Современное христианство и множественность религий
Католическая Церковь так определила свое отношение к множественности религий на II Ватиканском соборе: «Все люди составляют одну семью и имеют одну природу и происхождение, ибо Бог произвел весь род человеческий обитать по всему лицу земли. Едина и их конечная цель: Бог. Его промышление, Его благодеяния и Его стремление спасти простираются на всех людей».[19]
Православное богословие обнаружило проблему множественности религий уже в XIX веке. «С середины XIX века и до наших дней… на первый план стал выдвигаться вопрос о соотношении Христианства и других религий, то есть вопрос о месте Христианства в истории», – отмечал в 1950-е гг. известный историк русской философии протоиерей Василий Зеньковский.[20]
Сразу же после «освобождения русского богословия» в начале царствования императора Александра II появляются книги О. Новицкого и архимандрита Хрисанфа Ретивцева, вполне сочетавшие тогдашний уровень религиеведческой науки с православной традицией высматривания следов «семенного Логоса» в нехристианской мысли.[21]

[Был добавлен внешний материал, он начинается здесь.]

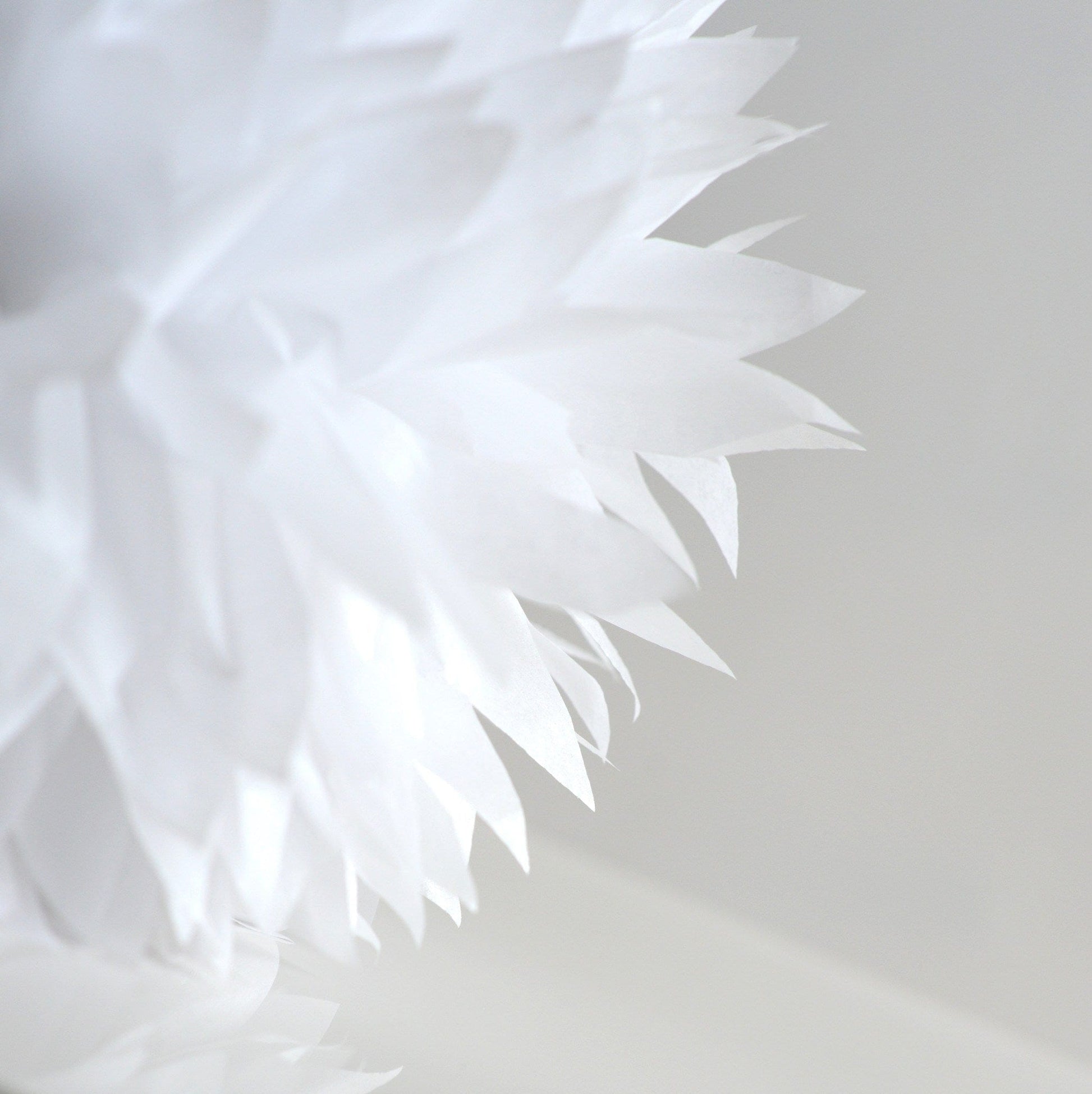 Shimmery Pearl white paper pom poms - Decopompoms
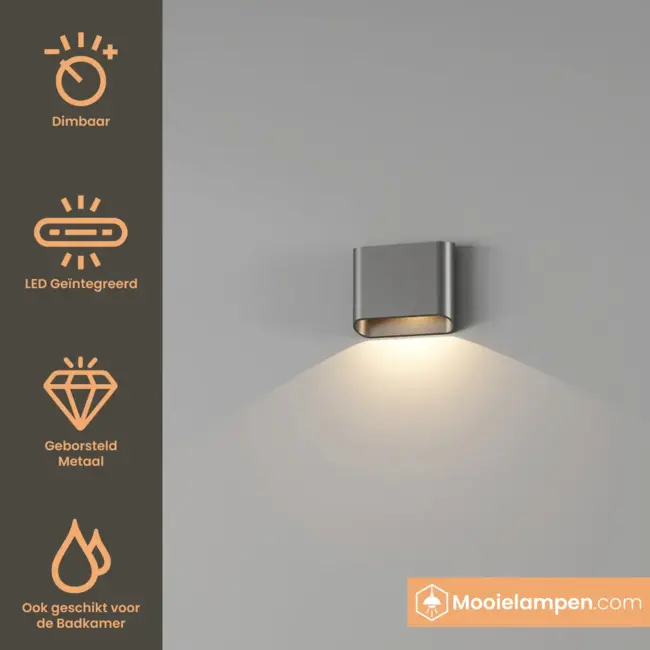 Artdelight Wandlamp Diaz 1L - Staalgrijs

Архимандрит Хрисанф Ретивцев (1832–1883)
Во время так называемого русского православного возрождения, начавшегося в России на грани XIX–XX столетий и продолжившегося в изгнании, проблема множественности религий продолжает обсуждаться. Мостом к будущему русскому православному религиеведению Зарубежья стала популярная «История религии», написанная знаменитыми в будущем православными мыслителями: Павлом Флоренским, Сергеем Булгаковым, Александром Ельчаниновым, Владимиром Эрном – и изданная книгоиздательством «Польза» в 1909 году.[22] К этому же времени относятся курсы истории религий епископа Августина, А. В. Смирнова и С. С. Глаголева.[23]
Тогда же определяются и основные православные богословские подходы к проблеме множественности религий. Философ и историк античной мысли ректор Московского университета князь С. Н. Трубецкой, отвечая на обвинения, что он выводит христианство из язычества, писал: «Твердо убежденный в том, что откровение никогда не может перестать быть откровением, я не боюсь истории и не поворачиваюсь к ней спиной… Напрасно думаем мы оградить христианство, выделяя его из истории: мы можем таким путем только соблазнить тех, которые обратятся к фактам и увидят, что оно есть средоточие истории».[24]
Знаменитый богослов священник Сергий Булгаков, очень, кстати, интересовавшийся развитием изучения древних и нехристианских религий и читавший в европейских переводах множество инорелигиозных текстов, от древнеегипетских до центральноамериканских, подчеркивал, что «все языческие предчувствия и прообразы не умаляют, но увеличивают силу и смысл… христианского богослужения, несущего в себе – ведомо и неведомо – и наследие древней Античности, освобожденное, однако, от языческой ограниченности… В язычестве были свои, хотя и темные, прозрения».[25] «Судьба всего внехристианского мира, – пишет о. Сергий в другой своей работе, – есть неоткрытая тайна, которая приоткрывается в учении Церкви о проповеди Христа во аде».[26] Нам еще придется вернуться к этому глубокому выводу православного мыслителя.